A avaliação do que representa a resistência anti-russa e anticomunista dos anos 40 e 50, em que se destacou a extrema-direita pró-nazi, anti-polaca e anti-judia da União dos Nacionalistas Ucranianos, de Stepan Bandera posteriormente desavindo com os ocupantes alemães, é outro pomo de discórdia que envenenará por décadas as relações entre ucranianos, russos e países como a Lituânia, Letónia, Belarus, Polónia, sem falar da Alemanha e Roménia.

Fé de uns e de outros

A emancipação do Patriarcado de Moscovo, a que a igreja ortodoxa ucraniana estava submetida desde 1686, alimentou, por seu turno, paixões consentâneas com uma fé religiosa muito exposta politicamente.

Em janeiro de 2019, Bartolomeu, Patriarca Ecuménico de Constantinopla – primeiro entre iguais no seio das igrejas ortodoxas – concedeu, por fim, a independência eclesiástica almejada pelo patriarcado de Kiiv.

Os crentes ortodoxos, cerca de 75% dos 43 milhões de ucranianos, seguem agora o Metropolita Epifânio de Kiiv e de Toda a Ucrânia ou o Metropolita Onófrio, Primaz da Igreja Ortodoxa Ucraniana, submetido ao Patriarcado de Moscovo.

A invasão de fevereiro acentuou divergências, com Onófrio recusando secundar o apoio do Patriarca de Moscovo, Círilo, à guerra de Putin.

Epifânio defende a independência da Ucrânia, bem como os clérigos das minorias greco-latinas e católicas, seguidoras de Roma, além dos rabinos dos cerca de 200 mil membros das comunidades judias.

O Metropolita Pantaleão de Lugansk e Alchevsk, o Arquimandrita João Prokopenko, abade do Sagrado Mosteiro de Melitopolis, e o Arquimandrita Alexei Fedorov, abade da Catedral da Dormição da Virgem Maria, de Kherson, estiveram presentes, no entanto, na cerimónia no Kremlin, a 30 de setembro, assinalando a anexação de territórios ocupados.

As línguas do povo 

Na língua, por onde quase tudo começa e acaba, a viragem dos últimos anos é assinalável.

O ucraniano foi proclamado única língua oficial em 1989, dois anos antes da independência, com garantia de protecção constitucional às demais línguas do país (russo, tártaro da Crimeia, moldavo, húngaro, etc.), conforme se veio a verificar em 1996.

A adopção a partir da adopção em 2019, sob a presidência de Petro Poroshenko, da Lei sobre o ucraniano como língua de estado, gradualmente extensível a todas as esferas públicas, acabou por ser ultrapassada pelos acontecimentos.

Desde fevereiro é patente o uso ostensivo, por orgulho e desafio, do ucraniano, num país onde as estatísticas indicavam que, antes da invasão, 62% assumia o ucraniano como língua de uso corrente e 35% o russo.

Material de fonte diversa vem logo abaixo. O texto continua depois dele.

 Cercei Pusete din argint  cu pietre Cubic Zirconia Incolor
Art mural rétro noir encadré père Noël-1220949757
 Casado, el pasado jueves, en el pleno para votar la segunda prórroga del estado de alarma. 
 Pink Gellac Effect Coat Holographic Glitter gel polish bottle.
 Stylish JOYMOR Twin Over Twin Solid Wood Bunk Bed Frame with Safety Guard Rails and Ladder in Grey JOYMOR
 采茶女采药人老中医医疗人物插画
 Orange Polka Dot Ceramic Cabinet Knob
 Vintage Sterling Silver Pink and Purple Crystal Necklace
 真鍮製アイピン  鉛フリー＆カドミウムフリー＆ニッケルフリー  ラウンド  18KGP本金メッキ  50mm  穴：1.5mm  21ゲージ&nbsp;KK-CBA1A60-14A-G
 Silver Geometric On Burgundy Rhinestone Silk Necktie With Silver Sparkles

O imenso cisma cultural e linguístico entre os ucranianos em desafio à agressão, russos e bielorussos, sob regimes ditatoriais, faz-se sentir em todos os domínios e afecta inclusivamente o relacionamento entre as comunidades residentes, refugiadas ou deslocadas no estrangeiro, seja na Polónia ou na Geórgia.  

A maldição do secretário-geral 

A intransigência quanto a negociações advogada pela grande maioria dos ucranianos cedo ou tarde terá de levar em conta a questão da Crimeia.

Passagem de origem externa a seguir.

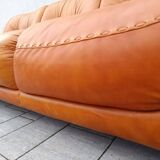 Canapé et fauteuils en cuir cognac par Sapporo pour Mobil, Italie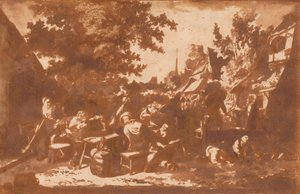 Una calle de pueblo con campesinos bebiendo de Cornelis Dusart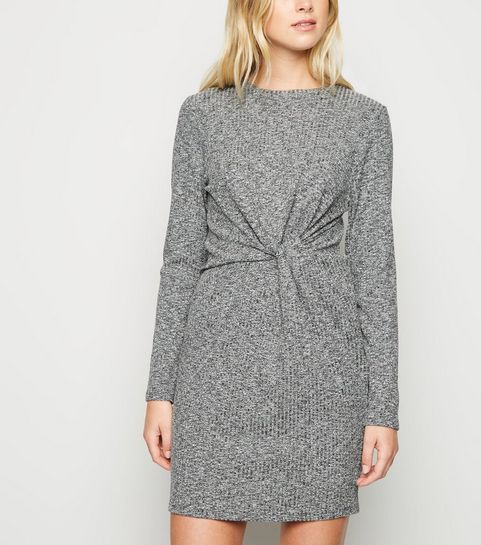 Grey Fine Knit Twist Front Dress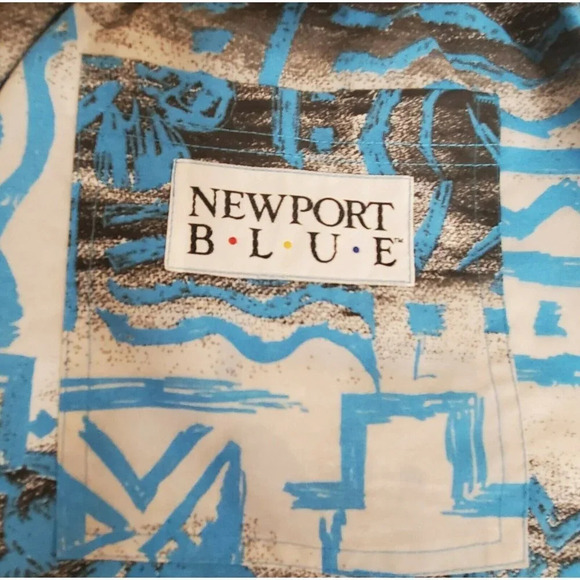 Vintage Newport BLUE Men's 90s Swim Trunks Blue - Picture 10 of 12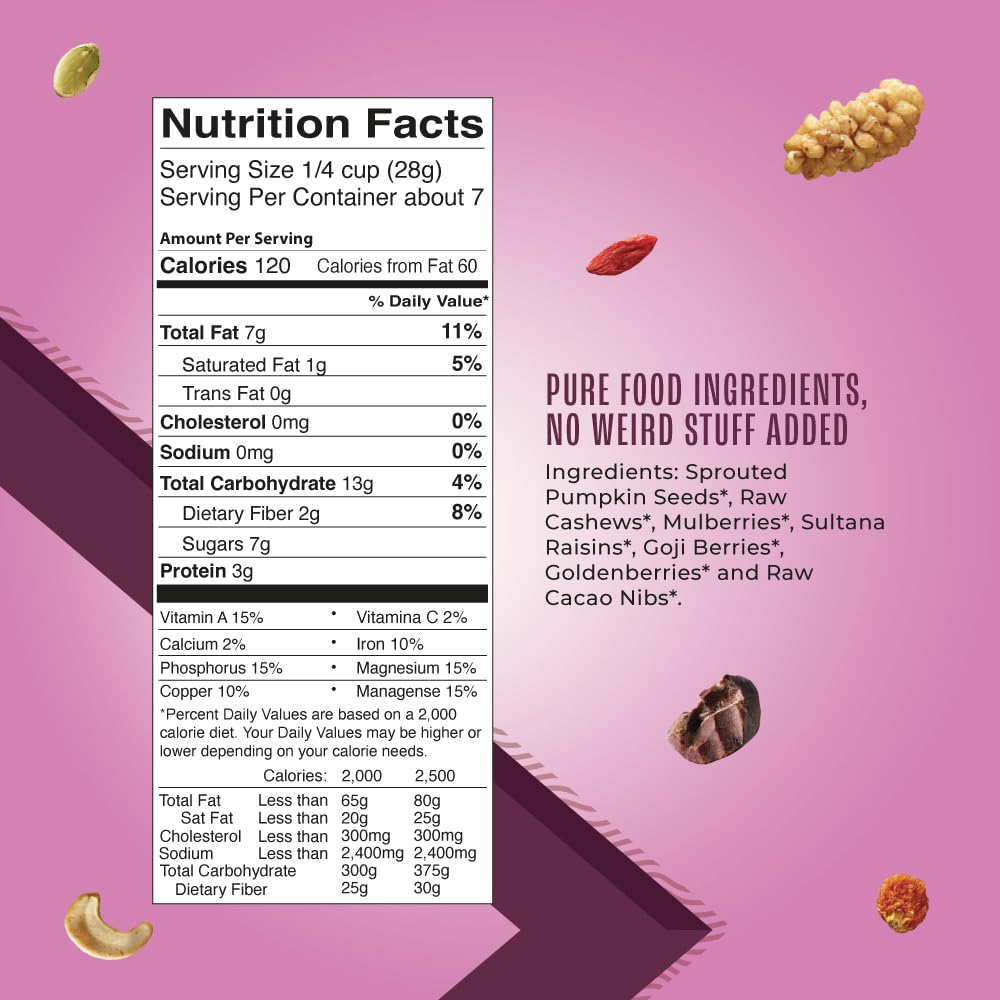 Living Intentions Organic Wild Berry Trail Mix - NonGMO - Gluten Free - Vegan - Paleo - 7 Oz
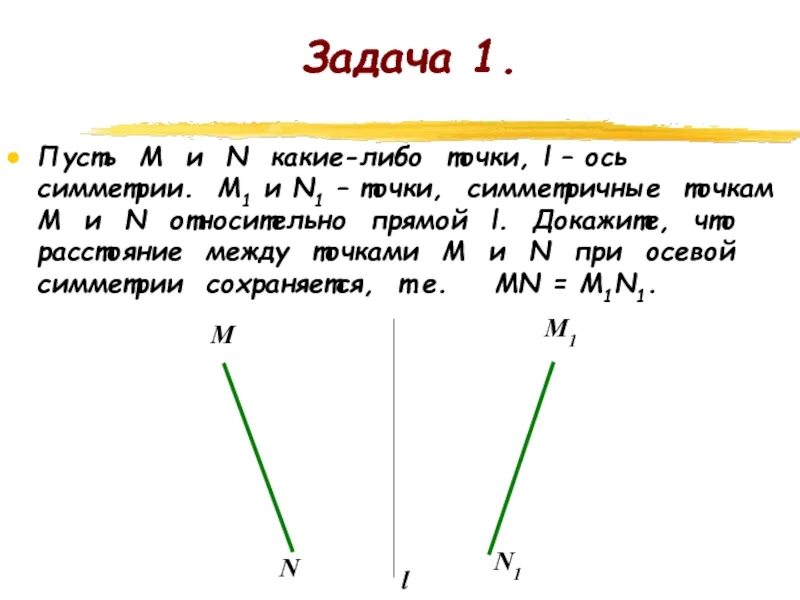 Пусть m а б в. Понятие движения относительно точке. Как найти симметричную точку относительно прямой. Точка симметричная точке относительно прямой. Как доказать что сохраняется расстояние при осевой симметрии.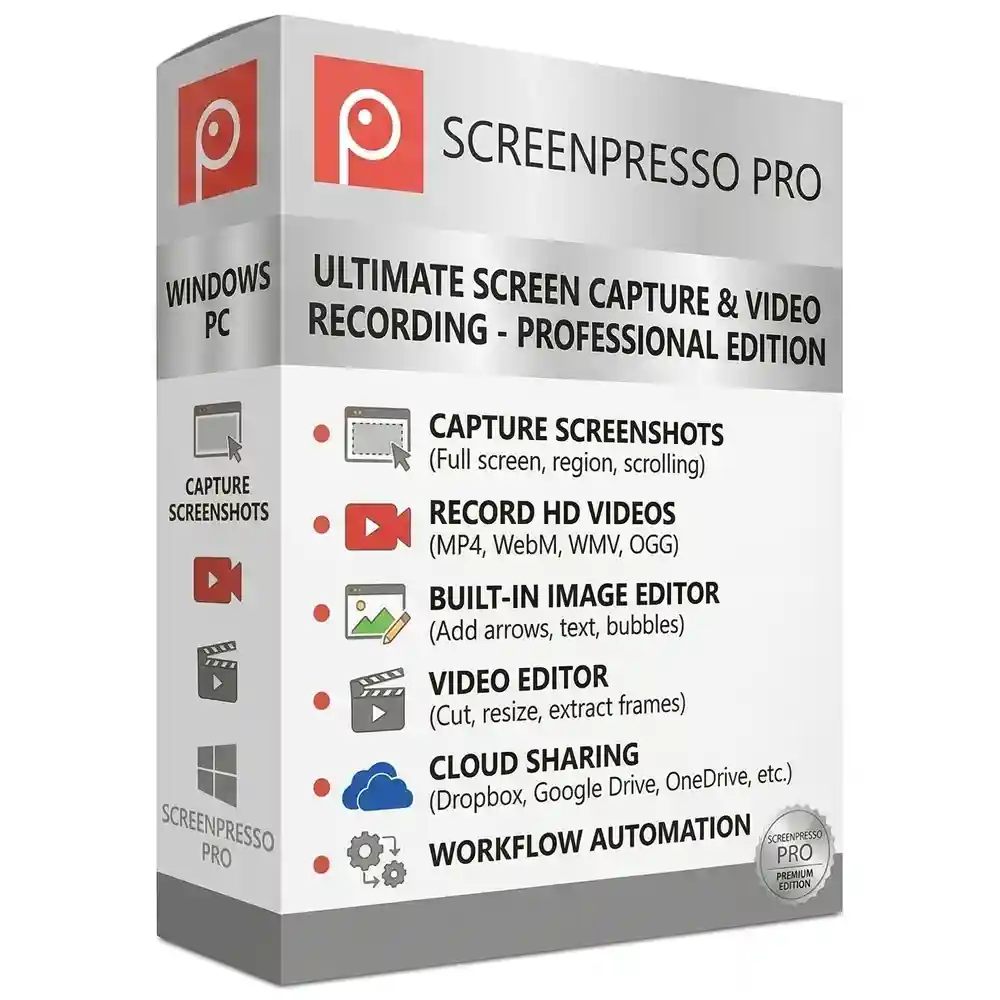 Screenpresso Pro License PH Screenpresso Pro license for 3 PCs to capture screens, record HD videos, and annotate images for sale in the Philippines.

A península de maioria russa, cuja população tártara fora deportada para a Ásia Central e Sibéria em 1944, foi transferida pelo secretário-geral do Partido Comunista Nikita Khrutshov, em 1954, da Rússia Soviética para a Ucrânia Soviética.

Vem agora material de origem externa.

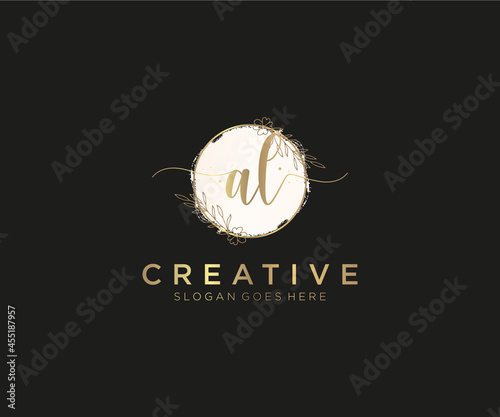 initial AL Feminine logo beauty monogram and elegant logo design, handwriting logo of initial signature, wedding, fashion, floral and botanical with creative template.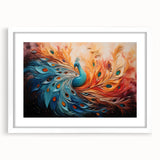 Peacock design wall art framed with a white mat, showcasing vibrant colors and intricate details, perfect for adding elegance to any room decor.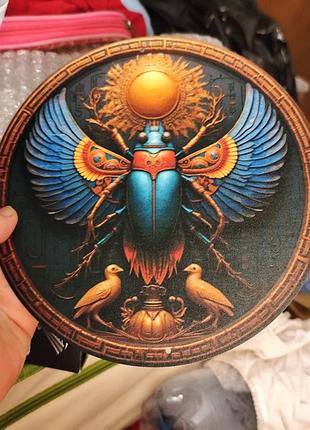 Круглый сувенир картина декор на стену металл жук скарабей оберег защита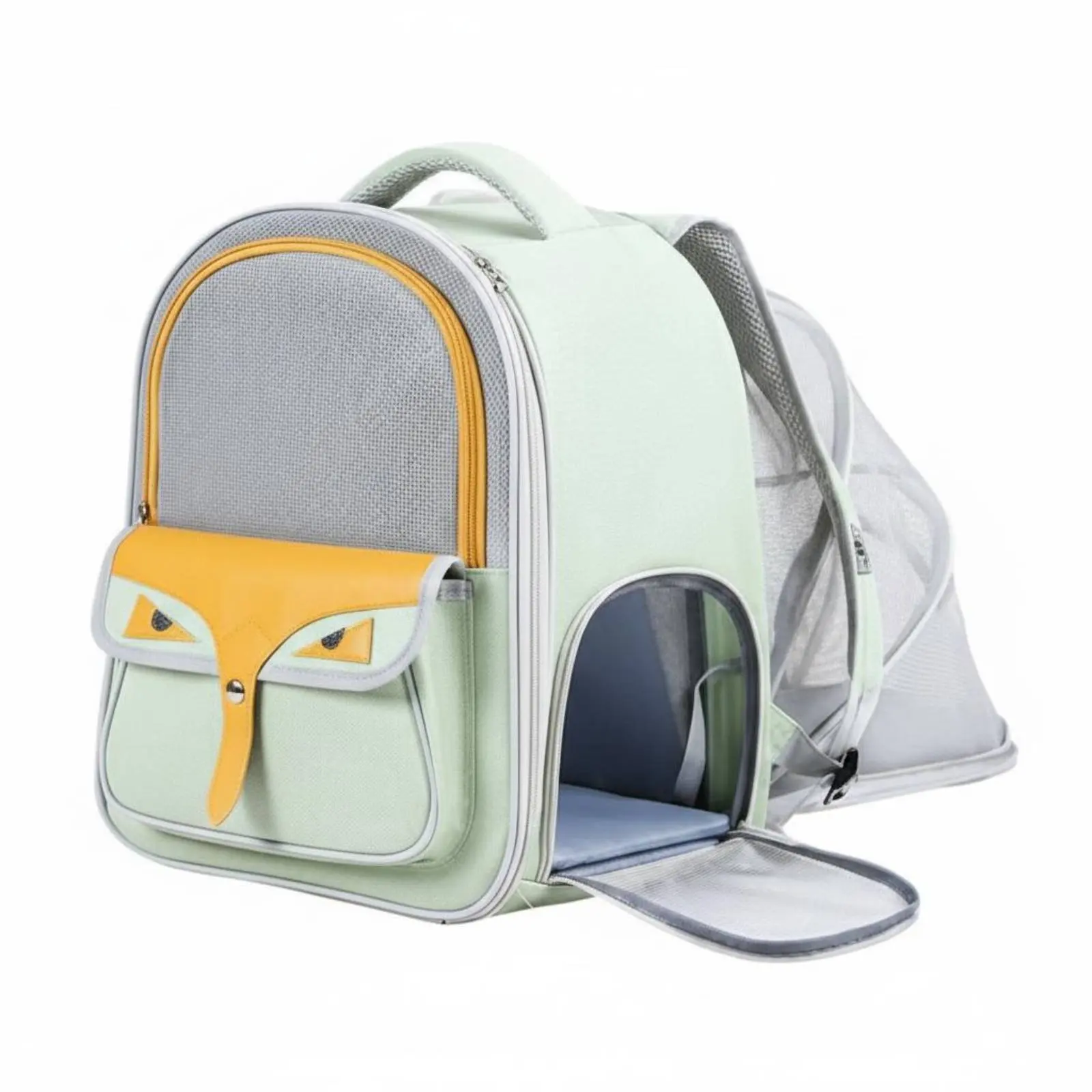 

Expandable Cat Carrier Pack Large Capacity Expandable Mesh Rucksack Built-in Safety Leash Multiple Unzip Ings for Travelers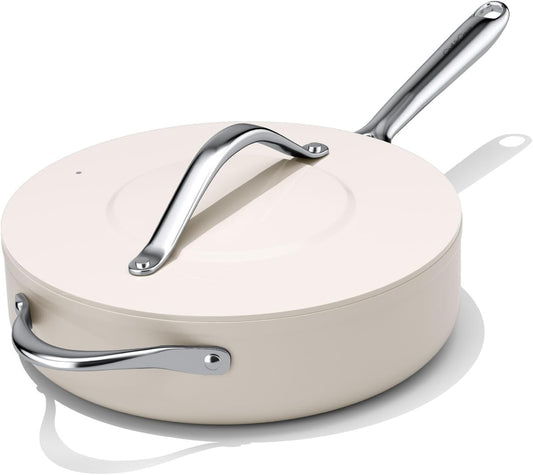 Nonstick Ceramic Sauté Pan with Lid (4.5 qt, 11"), Deep Frying Pan for All Cooktops - Non Toxic, PTFE/PFOA/PFAS Free, Dishwasher & Oven Safe up to 500°F - with Stay Cool Handle - Cream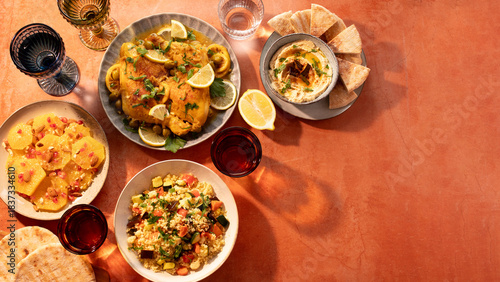 oroccan cuisine border with chicken tagine, vegetable couscous, orange salad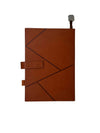 Premium Brown Leatherette Executive Diary Organizer with Geometric Design & Strap Closure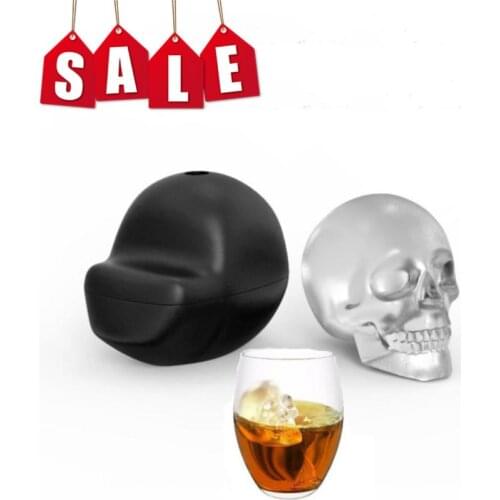 1pcs 3D Maker Skull Flexible Silicone Mold Tray Makes One Giant Skulls Round Maker Black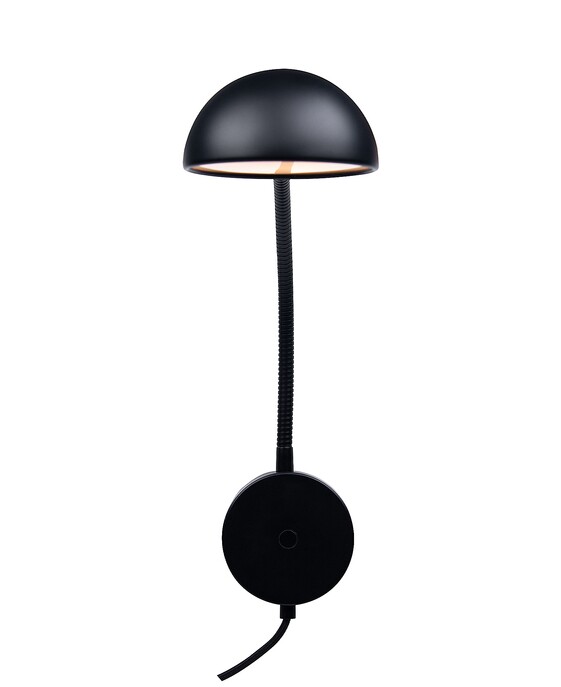 Nástenná lampička Nomi s nastaviteľným krkom v minimalistickom čiernom vyhotovení.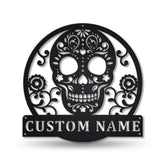 Personalized Sugar Skull Metal Sign Art, Custom Sugar Skull Monogram Metal Sign, Sugar Skull Gifts Funny, Hobbie Gift, Birthday Gift Laser Cut Metal Signs Custom Gift Ideas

O expediente de Krutshov, onze meses após a morte de Stalin, para obter o apoio do secretário-geral do Partido Comunista da Ucrânia, Oleksii Kirichenko, contra o primeiro-ministro Georgii Malenkov na luta pela liderança, redunda hoje num impasse tremendo.

A anexação da Crimeia por Moscovo, em 2014, em violação da lei internacional, surge como diferendo em que, sejam quais forem as próximas mudanças políticas na Ucrânia e na Rússia a tentação irredentista se fará sentir.

Uma comunidade de destino

Abundam os sacrifícios e fúrias a demonstrar que a esmagadora maioria dos ucranianos, sob a chefia de um presidente judeu, ateu, oriundo da comunidade russófona, se mostram dispostos a resistir a uma guerra de aniquilação.

A existência da Ucrânia como comunidade política dotada de estado independente é a garantia da existência de um povo ou povos de nação entidade como entidade multi-étnica e multi-religiosa.

A guerra avivou, pelo menos até agora, a consciência de que as gentes da Ucrânia partilham uma comunidade de destino.

É esse o doloroso plebiscito quotidiano dos povos que, com seus desvarios, ilusões, empenhos e solidariedades, define uma nação.